[Short text fragments from websites]
-.-.-

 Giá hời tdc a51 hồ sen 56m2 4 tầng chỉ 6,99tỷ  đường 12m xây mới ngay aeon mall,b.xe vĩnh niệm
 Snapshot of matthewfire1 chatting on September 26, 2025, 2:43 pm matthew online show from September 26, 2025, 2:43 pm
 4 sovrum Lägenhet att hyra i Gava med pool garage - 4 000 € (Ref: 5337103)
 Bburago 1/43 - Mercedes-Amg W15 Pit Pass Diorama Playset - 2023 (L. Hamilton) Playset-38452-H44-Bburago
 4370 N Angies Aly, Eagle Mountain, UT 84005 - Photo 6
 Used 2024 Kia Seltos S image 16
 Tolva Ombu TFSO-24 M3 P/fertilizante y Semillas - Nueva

-.-.-

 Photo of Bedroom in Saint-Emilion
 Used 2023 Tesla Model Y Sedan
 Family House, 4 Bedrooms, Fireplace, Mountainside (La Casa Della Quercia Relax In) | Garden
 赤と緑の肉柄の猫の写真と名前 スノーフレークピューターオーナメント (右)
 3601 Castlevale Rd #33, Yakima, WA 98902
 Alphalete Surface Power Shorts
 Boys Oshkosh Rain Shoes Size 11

-.-.-

REQUIRED ACTION:
Starting from the records above, copy each line where the string "Photo" is found.

RESULT OF THIS TASK:
 4370 N Angies Aly, Eagle Mountain, UT 84005 - Photo 6
 Photo of Bedroom in Saint-Emilion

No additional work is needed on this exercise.